Senin, 19 Maret 2018

Revolusi E-Commerce:  Memastikan Kepercayaan dan Hak Konsumen di Cina


Selama dua dekade terakhir, dunia telah menyaksikan kebangkitan ekonomi Cina melalui manufaktur, dan di sektor e-commerce baru-baru ini. Yang paling terkini adalah perkembangan pesat komoditas dan layanan Cina. Seiring tingginya pertumbuhan jumlah penggunaan internet dan pesatnya perkembangan jasa kurir nasional, sektor ritel online Cina mencatat penjualan sebesar US $ 426 miliar pada 2014; dan menurut penelitian pasar volume transaksi diperkirakan mencapai US $ 1,011 miliar pada tahun 2018.
Sejarah e-commerce China dimulai pada tahun 1993 ketika sejumlah perusahaan asing pertama menggunakan pertukaran data elektronik untuk perdagangan. Tahun berikutnya, Cina mendirikan jaringan pertamanya, the National Computing and Networking Facility of China, jaringan ini menghubungkan Cina ke Internet. E-commerce berbasis internet secara resmi diluncurkan pada tahun 1997, diikuti dengan lompatan dalam jumlah perusahaan dot-com yang beroperasi di marketplace tersebut. Beberapa tahun berikutnya, perusahaan dot-com yang kuat tetap bertahan dan hilangnya rekan-rekan yang lebih lemah. Pada tahun 2004, Internet telah mencapai provinsi paling maju dan bisnis dot-com muncul kembali dengan intensitas yang baru. Jumlah pembeli online di Cina naik dari tahun-ke-tahun dari 33,6 juta pada 2006, 160,5 juta pada tahun 2010, hingga mencapai 361.400.000 pada tahun 2014.
Booming e-commerce di Cina telah mendorong budaya yang berorientasi pada konsumen, ditandai dengan tingguinya pengunjung ke e-marketplace seperti Taobao.com, bagian dari Alibaba Group, yang menjadi ‘Initial Public Offering' (IPO) terbesar Amerika Serikat selama 2014. Taobao, e-marketplace C2C (konsumen ke konsumen) terkemuka, telah menjadi begitu populer dalam kehidupan sehari-hari masyarakat Cina. Tidak jarang mendengar mereka berkata, 'saya sekarang Taobao-ing', yang secara harfiah berarti ' menggali harta karun '.

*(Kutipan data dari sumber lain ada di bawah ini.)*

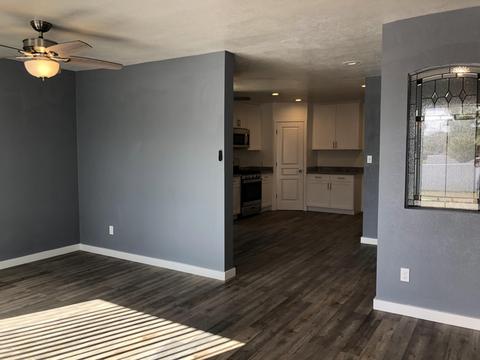 3218 E Yale St, Phoenix, AZ 85008 photo 12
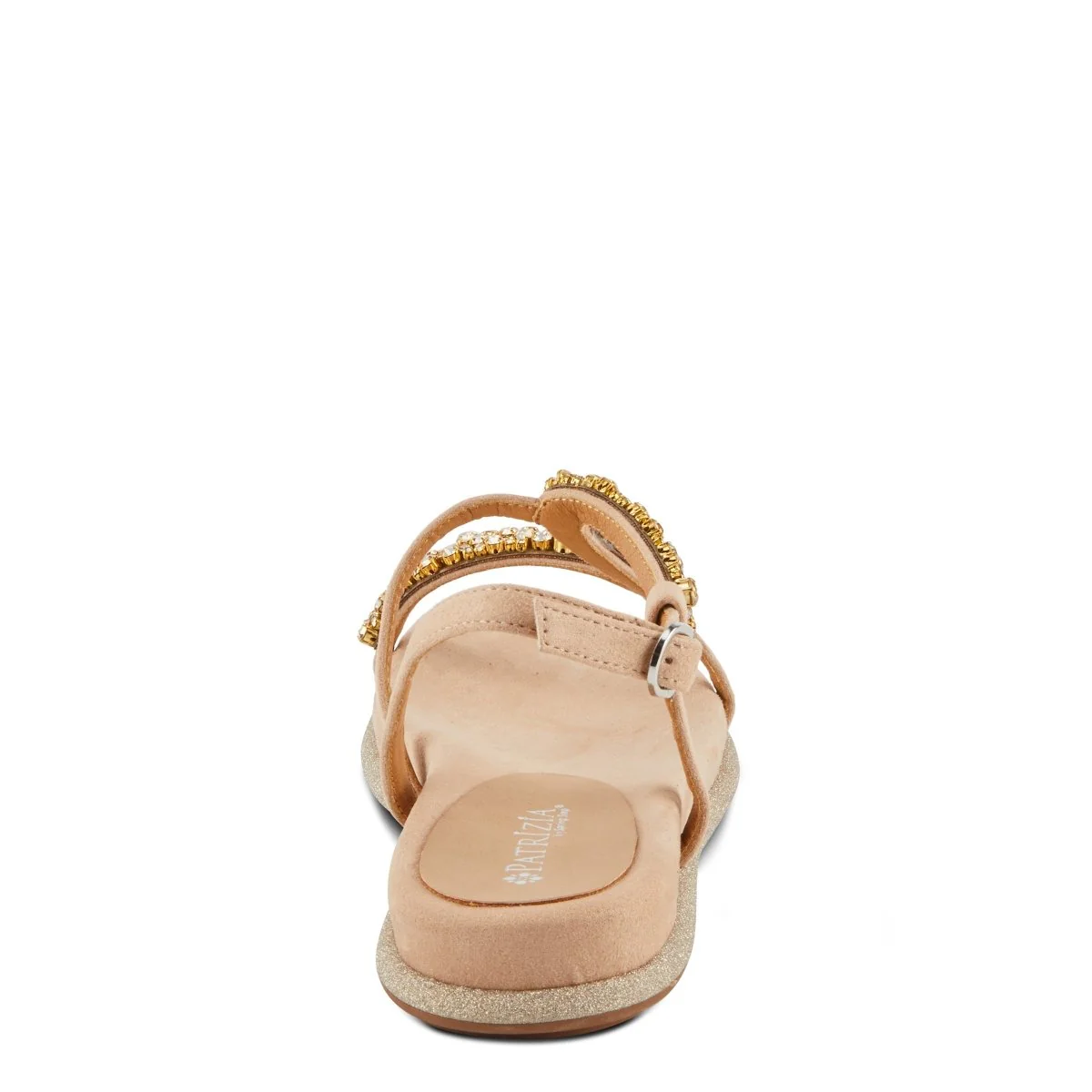 Spring Step Shoes Patrizia Shinyqueen Women's Sandals - Image 18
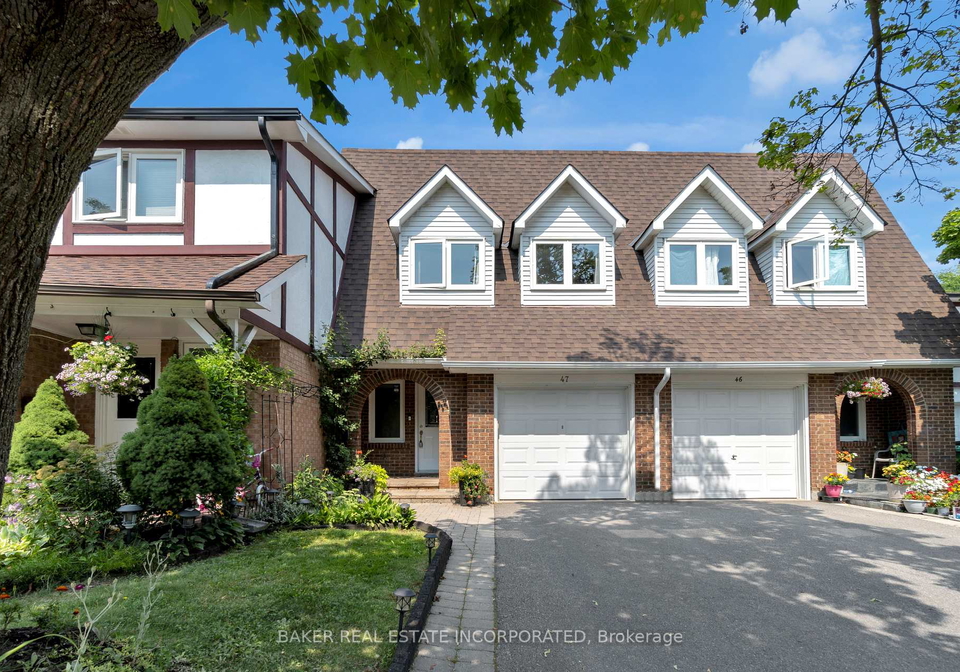 333-meadows-boulevard-mississauga-ontario-w12375384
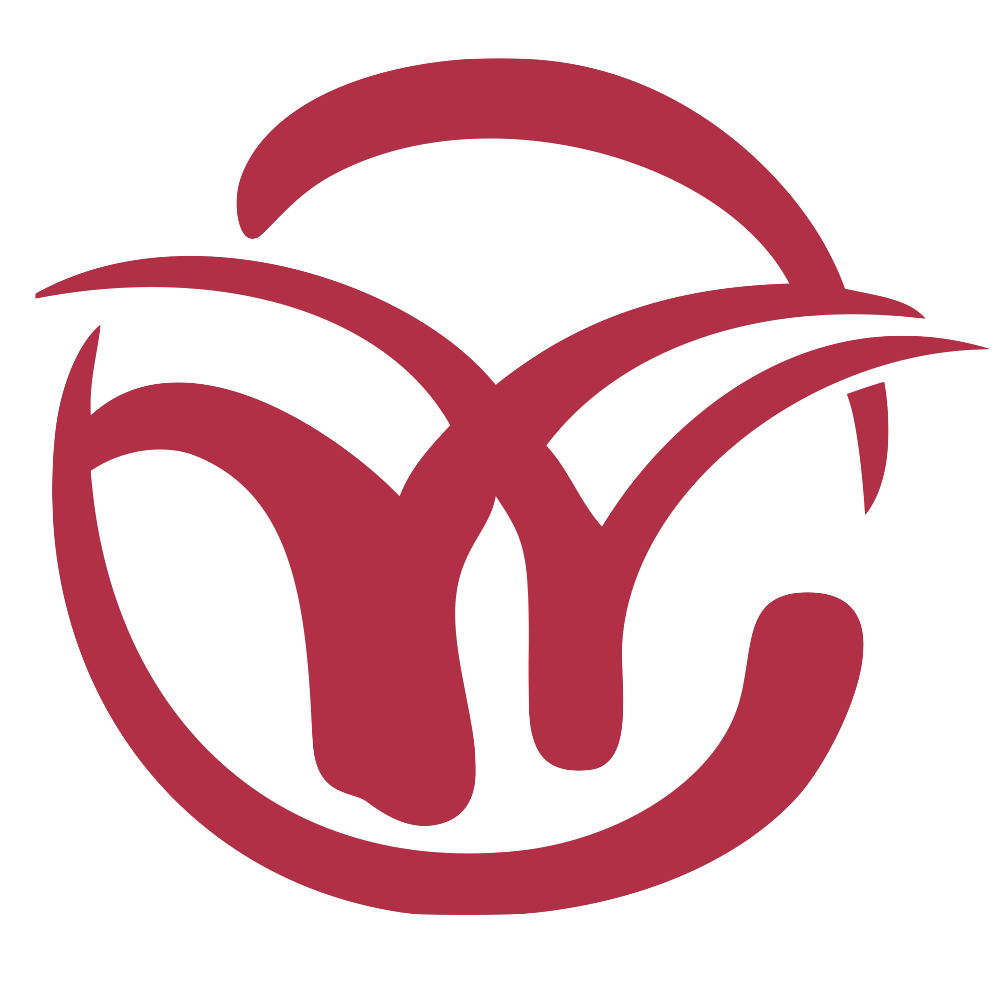 Ligue suisse des femmes catholiques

Penelitian ini membahas perbedaan antara budaya e-commerce yang masih berkembang di Cina dan kurangnya kepercayaan konsumen di pembelian online. Jurnal ini dimulai dengan sejarah e-commerce di Cina. Kemudian menunjukkan bahwa ketidakpercayaan dari kedua pembelian online dan offline tersebar luas di Cina. Dilanjutkan dengan meninjau UU Perlindungan Konsumen China yang mulai berlaku pada tanggal 1 Januari 1994 dan amandemen utama UU tersebut pada 15 Maret 2014. Sementara dibutuhkan waktu untuk mengungkapkan efektivitas UU hasil amandemen, kewajiban mengubah status quo, yaitu untuk mengubah kecenderungan konsumen untuk tidak percaya, telah jatuh ke operator pasar elektronik. Jurnal ini kemudian membahas bagaimana Alibaba, Taobao.com, e-marketplace C2C terkemuka di Cina, telah mencoba untuk meningkatkan kepercayaan konsumen dalam transaksi online dengan merancang dan mengimplementasikan sejumlah sistem layanan yang membangun kepercayaan secara mandiri. Jurnal ini diakhiri dengan diskusi tentang pentingnya perlindungan hak-hak konsumen dan kemungkinan dampak masa depan pada pembangunan berkelanjutan e-commerce Cina dan integrasi ke dalam ekonomi online global.